O italiano Marco Bellocchio já deve ter perdido a conta de quantas vezes teve filmes em disputa nos festivais de Cannes, Veneza e Berlim, os três mais importantes do cinema. Mas certamente se lembra de quantas levou o prêmio principal: nenhuma.

Talvez como forma de compensar o deslize de júris no passado, Cannes resolveu agraciar o cineasta de “De Punhos Cerrados” (1965) e “O Traidor” (2019) com uma Palma de Ouro honorária, pelo conjunto de sua admirável obra. A entrega, que será na noite de encerramento da festa francesa, neste sábado, ocorre dez anos depois de Veneza já ter feito um mea culpa semelhante: em 2011, os italianos deram ao compatriota um Leão de Ouro especial.

Mas, aos 81, Bellocchio segue na ativa – inclusive, está em plena filmagem, que só interrompeu para receber a láurea na Croisette. Aproveita para lançar ali um novo longa, o documentário “Marx Può Aspettare”, ou Marx pode esperar, em que revisita um tema que já esteve presente, de maneiras mais ou menos camufladas, em ficções anteriores: o suicídio de seu irmão gêmeo de 29 anos, Camillo, em 1967.
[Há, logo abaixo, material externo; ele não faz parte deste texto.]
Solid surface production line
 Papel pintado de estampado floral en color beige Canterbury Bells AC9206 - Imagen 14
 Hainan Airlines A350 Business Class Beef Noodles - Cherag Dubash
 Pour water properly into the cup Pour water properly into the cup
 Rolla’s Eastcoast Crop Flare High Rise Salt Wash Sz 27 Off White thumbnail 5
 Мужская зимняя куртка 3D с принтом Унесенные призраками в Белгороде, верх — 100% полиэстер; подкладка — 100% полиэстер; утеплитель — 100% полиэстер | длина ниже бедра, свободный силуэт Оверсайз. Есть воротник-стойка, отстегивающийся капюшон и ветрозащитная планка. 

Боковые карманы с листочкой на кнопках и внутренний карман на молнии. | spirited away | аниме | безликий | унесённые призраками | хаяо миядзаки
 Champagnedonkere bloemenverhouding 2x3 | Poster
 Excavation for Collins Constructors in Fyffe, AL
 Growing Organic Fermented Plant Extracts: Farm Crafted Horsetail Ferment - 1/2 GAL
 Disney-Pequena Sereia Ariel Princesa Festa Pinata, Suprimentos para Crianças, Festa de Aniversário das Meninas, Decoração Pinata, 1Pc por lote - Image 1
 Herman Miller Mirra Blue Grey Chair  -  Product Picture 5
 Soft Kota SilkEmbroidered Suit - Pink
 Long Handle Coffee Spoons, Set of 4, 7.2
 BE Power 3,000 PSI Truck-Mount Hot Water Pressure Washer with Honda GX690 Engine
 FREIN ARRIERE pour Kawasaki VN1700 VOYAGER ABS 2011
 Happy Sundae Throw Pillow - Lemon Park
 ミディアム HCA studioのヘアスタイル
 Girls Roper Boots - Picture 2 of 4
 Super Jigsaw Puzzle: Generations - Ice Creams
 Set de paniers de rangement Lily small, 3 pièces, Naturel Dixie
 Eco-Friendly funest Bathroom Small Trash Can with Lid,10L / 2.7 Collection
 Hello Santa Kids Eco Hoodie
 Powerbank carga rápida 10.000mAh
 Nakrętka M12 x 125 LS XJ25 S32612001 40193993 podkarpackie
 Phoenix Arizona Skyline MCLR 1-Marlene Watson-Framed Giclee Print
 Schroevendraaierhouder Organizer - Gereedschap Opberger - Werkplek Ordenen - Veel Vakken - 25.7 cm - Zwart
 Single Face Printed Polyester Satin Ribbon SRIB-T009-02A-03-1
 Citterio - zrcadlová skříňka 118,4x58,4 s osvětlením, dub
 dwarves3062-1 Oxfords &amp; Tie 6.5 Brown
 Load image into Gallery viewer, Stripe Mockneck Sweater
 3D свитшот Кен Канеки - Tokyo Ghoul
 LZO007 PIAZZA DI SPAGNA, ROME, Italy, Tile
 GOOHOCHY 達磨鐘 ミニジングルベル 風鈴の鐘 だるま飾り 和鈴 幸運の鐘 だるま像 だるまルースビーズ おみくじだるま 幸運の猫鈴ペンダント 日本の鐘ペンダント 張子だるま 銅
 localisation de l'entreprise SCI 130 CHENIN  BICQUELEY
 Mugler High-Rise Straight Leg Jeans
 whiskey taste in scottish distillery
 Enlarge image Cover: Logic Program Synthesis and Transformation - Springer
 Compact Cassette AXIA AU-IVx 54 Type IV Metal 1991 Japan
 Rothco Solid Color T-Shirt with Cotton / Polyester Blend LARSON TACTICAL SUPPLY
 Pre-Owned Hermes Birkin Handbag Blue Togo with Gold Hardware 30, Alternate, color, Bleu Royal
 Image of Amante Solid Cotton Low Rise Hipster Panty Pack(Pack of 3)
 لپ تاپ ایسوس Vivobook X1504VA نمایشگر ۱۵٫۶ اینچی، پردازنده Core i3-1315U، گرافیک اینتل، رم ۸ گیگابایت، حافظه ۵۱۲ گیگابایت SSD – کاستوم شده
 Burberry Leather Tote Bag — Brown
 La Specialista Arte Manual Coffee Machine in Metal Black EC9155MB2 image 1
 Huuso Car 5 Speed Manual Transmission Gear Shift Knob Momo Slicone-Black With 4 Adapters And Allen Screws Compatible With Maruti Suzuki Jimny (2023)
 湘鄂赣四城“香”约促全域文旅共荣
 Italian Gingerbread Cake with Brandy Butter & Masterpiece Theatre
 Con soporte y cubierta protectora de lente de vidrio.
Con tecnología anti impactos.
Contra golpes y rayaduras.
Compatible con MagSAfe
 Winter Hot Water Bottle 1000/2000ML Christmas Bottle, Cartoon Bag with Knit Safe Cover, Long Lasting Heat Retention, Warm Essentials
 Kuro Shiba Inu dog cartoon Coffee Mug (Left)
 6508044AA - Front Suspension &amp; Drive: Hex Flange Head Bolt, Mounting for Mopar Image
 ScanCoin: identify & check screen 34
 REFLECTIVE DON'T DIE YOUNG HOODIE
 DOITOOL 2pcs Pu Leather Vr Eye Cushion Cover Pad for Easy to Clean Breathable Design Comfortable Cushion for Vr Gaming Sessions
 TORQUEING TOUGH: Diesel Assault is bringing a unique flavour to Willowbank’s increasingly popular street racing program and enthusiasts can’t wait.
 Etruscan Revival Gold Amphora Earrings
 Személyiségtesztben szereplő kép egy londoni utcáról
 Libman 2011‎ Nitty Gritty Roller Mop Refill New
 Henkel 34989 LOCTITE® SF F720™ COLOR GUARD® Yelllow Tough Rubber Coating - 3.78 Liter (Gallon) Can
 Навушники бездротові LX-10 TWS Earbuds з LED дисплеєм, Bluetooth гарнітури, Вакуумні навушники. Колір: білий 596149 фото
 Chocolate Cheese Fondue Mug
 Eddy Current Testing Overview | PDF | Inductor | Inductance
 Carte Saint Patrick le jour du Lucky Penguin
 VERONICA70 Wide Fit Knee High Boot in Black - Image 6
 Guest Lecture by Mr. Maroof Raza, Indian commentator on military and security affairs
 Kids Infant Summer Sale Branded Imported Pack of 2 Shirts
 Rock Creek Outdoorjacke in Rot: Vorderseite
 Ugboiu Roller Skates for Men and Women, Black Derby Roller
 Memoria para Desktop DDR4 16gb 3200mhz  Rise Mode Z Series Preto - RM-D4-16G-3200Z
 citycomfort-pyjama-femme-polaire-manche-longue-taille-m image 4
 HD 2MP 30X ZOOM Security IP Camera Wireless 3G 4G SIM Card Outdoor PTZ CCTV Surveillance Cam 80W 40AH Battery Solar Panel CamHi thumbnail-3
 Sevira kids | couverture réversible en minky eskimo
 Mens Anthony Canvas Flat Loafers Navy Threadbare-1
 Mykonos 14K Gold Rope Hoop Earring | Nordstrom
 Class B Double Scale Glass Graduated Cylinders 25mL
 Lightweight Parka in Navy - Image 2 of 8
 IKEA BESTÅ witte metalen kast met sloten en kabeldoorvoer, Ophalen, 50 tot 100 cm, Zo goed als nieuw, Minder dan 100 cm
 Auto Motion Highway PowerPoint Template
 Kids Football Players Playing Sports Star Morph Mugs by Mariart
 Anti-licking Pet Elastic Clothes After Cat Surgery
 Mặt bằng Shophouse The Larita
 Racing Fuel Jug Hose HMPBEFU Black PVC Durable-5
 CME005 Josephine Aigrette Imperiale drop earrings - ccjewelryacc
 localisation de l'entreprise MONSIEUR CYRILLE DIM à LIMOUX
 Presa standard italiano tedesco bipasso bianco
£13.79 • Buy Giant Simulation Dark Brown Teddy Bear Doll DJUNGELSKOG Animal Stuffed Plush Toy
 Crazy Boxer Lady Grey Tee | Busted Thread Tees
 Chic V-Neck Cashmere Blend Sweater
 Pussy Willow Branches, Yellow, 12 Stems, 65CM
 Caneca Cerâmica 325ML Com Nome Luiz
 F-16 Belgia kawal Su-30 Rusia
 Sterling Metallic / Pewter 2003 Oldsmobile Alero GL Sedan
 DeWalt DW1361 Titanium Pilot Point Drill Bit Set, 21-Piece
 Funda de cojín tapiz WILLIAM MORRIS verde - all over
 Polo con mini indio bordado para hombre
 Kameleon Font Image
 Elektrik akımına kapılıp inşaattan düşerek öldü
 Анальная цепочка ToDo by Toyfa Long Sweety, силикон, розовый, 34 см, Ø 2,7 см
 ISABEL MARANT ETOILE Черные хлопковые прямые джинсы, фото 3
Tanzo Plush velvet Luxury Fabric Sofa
Em um dos seus mais belos filmes, o melancólico “Olhos na Boca”, de 1983, Bellocchio já havia tratado da questão frontalmente —ali, um homem volta à cidade natal ao saber que seu gêmeo tirou a própria vida. Sente um misto de raiva e culpa, por não ter percebido sua tristeza e, talvez, por ter dessa forma contribuído para sua morte.

No documentário exibido em Cannes, vemos um Bellocchio que já processou melhor o fim trágico do irmão, após mais de 50 anos de seu enforcamento. Mas há ainda ali uma chaga nunca completamente cicatrizada, e a simples existência do filme é prova incontestável disso.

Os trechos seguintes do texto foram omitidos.